General russo que supervisionou atrocidades na Síria liderou ataques contra civis na Ucrânia
Forças sob comando do coronel-general Alexander Zhuravlyov usaram bombas de fragmentação nos dois países; após deixar a Síria, ele foi premiado com honras e promovido duas vezes
Enquanto buscava água potável para sua família em uma tarde ensolarada e fria, no final de fevereiro, Margarita Kiriukhina tentava ignorar os estrondos e baques dos bombardeios russos nas proximidades.

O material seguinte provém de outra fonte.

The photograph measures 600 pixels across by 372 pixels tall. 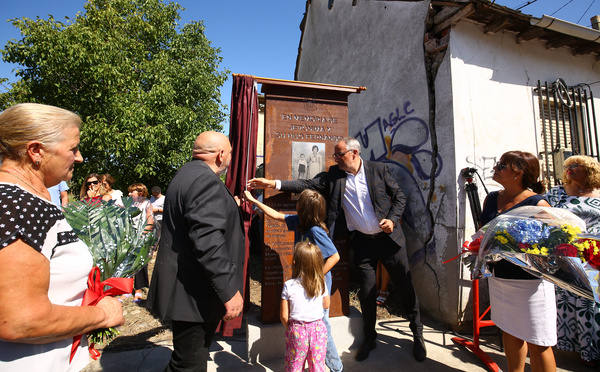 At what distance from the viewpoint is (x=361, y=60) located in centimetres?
583

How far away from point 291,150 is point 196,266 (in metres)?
1.77

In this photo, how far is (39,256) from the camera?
862mm

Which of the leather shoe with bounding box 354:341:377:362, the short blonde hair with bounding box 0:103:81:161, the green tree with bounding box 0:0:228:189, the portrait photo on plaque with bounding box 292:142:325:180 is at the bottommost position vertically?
the leather shoe with bounding box 354:341:377:362

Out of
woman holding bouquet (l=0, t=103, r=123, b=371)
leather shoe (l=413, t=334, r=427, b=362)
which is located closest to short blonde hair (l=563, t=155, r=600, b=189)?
leather shoe (l=413, t=334, r=427, b=362)

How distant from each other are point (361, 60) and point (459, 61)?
241 centimetres

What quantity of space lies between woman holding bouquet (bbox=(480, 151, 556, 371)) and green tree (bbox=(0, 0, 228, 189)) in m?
8.32

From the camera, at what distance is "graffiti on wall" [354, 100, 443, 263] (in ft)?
13.2

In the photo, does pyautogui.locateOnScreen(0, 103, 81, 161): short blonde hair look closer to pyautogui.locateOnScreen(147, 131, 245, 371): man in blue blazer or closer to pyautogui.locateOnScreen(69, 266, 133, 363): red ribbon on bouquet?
pyautogui.locateOnScreen(69, 266, 133, 363): red ribbon on bouquet

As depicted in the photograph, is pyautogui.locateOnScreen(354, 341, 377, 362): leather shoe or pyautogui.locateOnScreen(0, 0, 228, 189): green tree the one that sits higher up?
pyautogui.locateOnScreen(0, 0, 228, 189): green tree

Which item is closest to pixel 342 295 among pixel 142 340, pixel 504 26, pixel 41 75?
pixel 142 340

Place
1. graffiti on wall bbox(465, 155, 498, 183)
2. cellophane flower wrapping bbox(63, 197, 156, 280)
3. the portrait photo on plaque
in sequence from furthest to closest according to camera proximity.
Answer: graffiti on wall bbox(465, 155, 498, 183)
the portrait photo on plaque
cellophane flower wrapping bbox(63, 197, 156, 280)

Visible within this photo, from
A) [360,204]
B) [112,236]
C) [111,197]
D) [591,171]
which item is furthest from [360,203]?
[111,197]

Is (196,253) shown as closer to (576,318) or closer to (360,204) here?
(360,204)

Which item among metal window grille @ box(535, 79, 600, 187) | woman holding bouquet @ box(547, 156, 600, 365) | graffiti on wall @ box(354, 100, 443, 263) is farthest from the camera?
metal window grille @ box(535, 79, 600, 187) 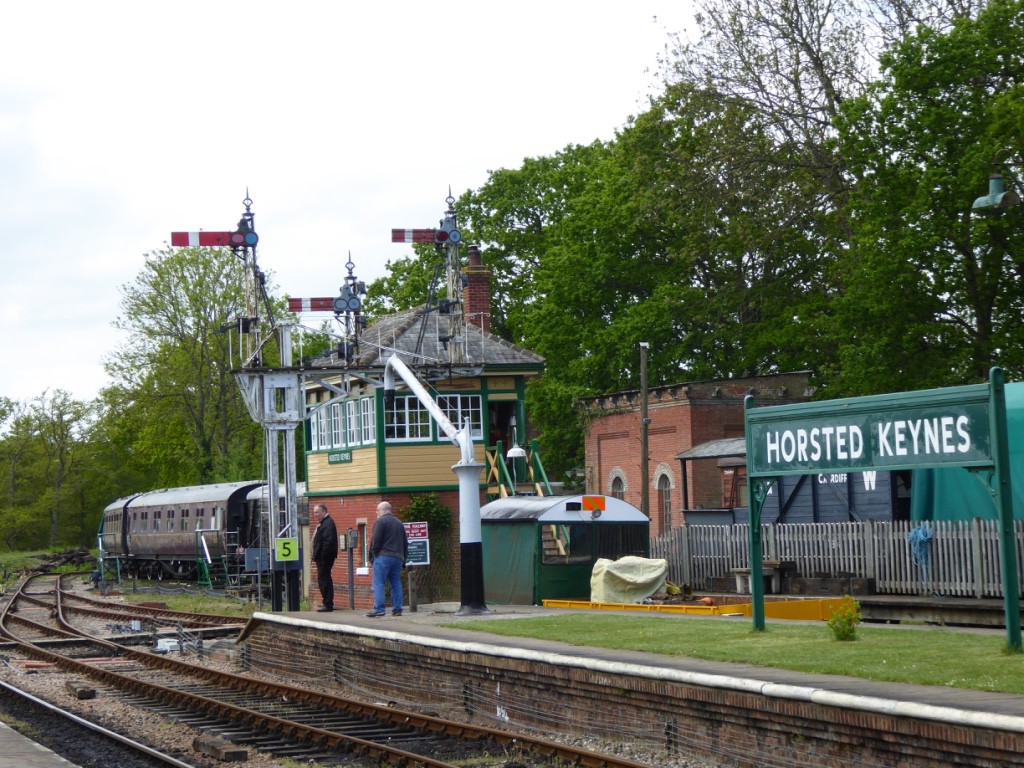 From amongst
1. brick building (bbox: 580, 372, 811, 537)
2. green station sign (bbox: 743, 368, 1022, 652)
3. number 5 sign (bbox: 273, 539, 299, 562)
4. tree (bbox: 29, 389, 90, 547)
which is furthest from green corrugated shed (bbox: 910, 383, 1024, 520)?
tree (bbox: 29, 389, 90, 547)

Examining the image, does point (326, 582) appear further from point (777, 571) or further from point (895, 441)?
point (895, 441)

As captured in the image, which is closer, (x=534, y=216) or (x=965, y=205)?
(x=965, y=205)

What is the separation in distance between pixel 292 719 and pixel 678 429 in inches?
1005

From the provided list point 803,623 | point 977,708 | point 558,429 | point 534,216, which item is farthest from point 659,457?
point 977,708

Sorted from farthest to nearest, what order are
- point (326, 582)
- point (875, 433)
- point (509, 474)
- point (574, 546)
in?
point (509, 474), point (574, 546), point (326, 582), point (875, 433)

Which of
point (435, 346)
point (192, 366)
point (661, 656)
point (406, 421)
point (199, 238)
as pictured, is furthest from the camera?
point (192, 366)

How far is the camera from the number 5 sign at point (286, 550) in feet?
73.1

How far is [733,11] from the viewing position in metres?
37.4

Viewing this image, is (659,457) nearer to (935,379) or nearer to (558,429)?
(558,429)

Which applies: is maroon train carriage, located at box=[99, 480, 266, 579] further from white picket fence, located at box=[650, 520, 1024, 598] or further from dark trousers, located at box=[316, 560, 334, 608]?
dark trousers, located at box=[316, 560, 334, 608]

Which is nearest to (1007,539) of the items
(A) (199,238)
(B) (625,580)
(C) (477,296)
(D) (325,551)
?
(B) (625,580)

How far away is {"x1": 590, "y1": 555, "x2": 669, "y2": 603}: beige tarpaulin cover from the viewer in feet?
70.9

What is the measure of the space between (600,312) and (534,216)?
10.9 m

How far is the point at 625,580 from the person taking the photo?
21672 millimetres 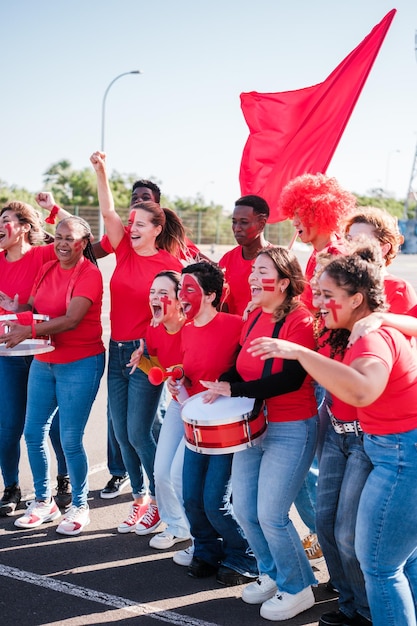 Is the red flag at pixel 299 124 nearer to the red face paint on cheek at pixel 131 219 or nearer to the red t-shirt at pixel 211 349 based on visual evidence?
the red face paint on cheek at pixel 131 219

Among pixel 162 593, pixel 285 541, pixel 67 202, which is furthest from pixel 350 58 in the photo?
pixel 67 202

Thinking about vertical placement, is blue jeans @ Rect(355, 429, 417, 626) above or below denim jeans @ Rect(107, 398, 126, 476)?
above

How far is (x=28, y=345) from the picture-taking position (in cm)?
509

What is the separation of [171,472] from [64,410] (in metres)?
0.96

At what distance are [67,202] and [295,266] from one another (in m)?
45.6

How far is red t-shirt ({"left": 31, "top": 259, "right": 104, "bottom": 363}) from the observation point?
506 centimetres

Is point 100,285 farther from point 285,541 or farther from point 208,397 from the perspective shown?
point 285,541

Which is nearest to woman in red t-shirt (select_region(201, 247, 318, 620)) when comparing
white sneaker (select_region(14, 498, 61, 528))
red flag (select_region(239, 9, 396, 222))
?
white sneaker (select_region(14, 498, 61, 528))

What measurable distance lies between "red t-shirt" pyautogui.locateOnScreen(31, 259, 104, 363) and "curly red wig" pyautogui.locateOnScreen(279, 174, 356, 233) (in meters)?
1.43

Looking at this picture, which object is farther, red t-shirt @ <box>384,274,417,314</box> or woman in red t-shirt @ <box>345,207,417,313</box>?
woman in red t-shirt @ <box>345,207,417,313</box>

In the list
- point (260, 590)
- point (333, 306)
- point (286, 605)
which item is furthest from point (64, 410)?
point (333, 306)

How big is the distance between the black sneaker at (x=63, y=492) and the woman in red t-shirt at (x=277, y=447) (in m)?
2.01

Na fila, com dois galões na mão, ela tentou aliviar a tensão, fazendo piadas com os vizinhos enquanto esperavam a vez deles no bebedouro. Apesar dos horrores que se abateram sobre sua cidade depois que a Rússia invadiu a Ucrânia, eles seguiam em fila de forma ordenada.
De repente, Kiriukhina ouviu um som de assobio vindo do alto. Depois de avistar algo com o canto do olho, ela gritou para que todos se abaixassem. A fila ficou rapidamente encharcada de sangue, o ar envolvido em gritos.
Moscou havia acabado de lançar um de seus notórios foguetes de fragmentação Smerch de 300 milímetros — um projétil que libera 72 submunições sobre uma área do tamanho de um campo de futebol — que atingiram Kiriukhina e seus vizinhos.
A torrente de estilhaços cortou a perna, a mão e a testa de Kiriukhina. Um homem que estava próximo a ela perdeu dois dedos.
“Eu podia sentir que algo se rompeu em minha perna e meu quadril. Meu braço foi atingido e eu não conseguia sentir minha cabeça”, disse Kiriukhina à CNN.
O homem de 56 anos foi levado para o hospital em um carrinho de mão e ficou internado por dez dias.
Um vídeo postado na rede social mostra uma mulher com uma postura corajosa enquanto sua perna sangrava. Um pé decepado estava a alguns metros de distância. Outra mulher fazia um torniquete com uma coleira de cachorro — sem esperança — tentando salvar a colega ferida, de acordo com o depoimento de uma testemunha ocular.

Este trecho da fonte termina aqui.